▸ Raw data

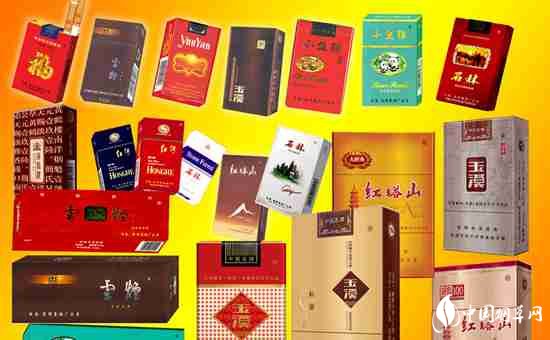 中國煙草稅是多少，煙草稅占香煙價格的一半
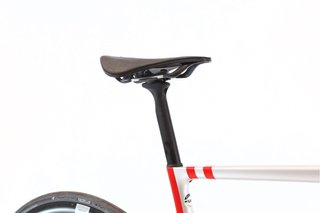 Bicicleta Cannondale SuperSix EVO 2 Di2 12V t.54 Reacondicionada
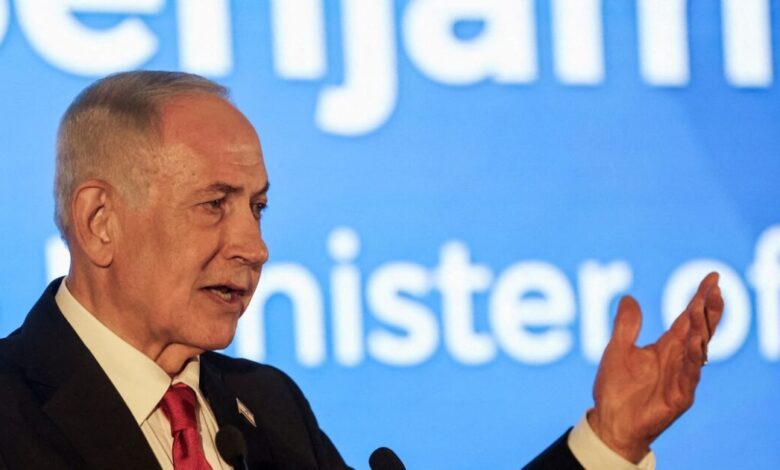 Μπέντζαμιν-Νετανιάχου:-«Δεν-υπάρχει-πια-αυτός-ο-τύραννος»-είπε-για-τον-Χαμενεΐ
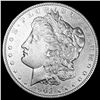 Image 1 : 1902 Morgan Silver Dollar CLOSELY UNCIRCULATED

▸ What you should do
In the answer, the data should reappear exactly, with no pictures.

▸ Exercise solution
 中國煙草稅是多少，煙草稅占香煙價格的一半
 Bicicleta Cannondale SuperSix EVO 2 Di2 12V t.54 Reacondicionada
 Μπέντζαμιν-Νετανιάχου:-«Δεν-υπάρχει-πια-αυτός-ο-τύραννος»-είπε-για-τον-Χαμενεΐ
 Image 1 : 1902 Morgan Silver Dollar CLOSELY UNCIRCULATED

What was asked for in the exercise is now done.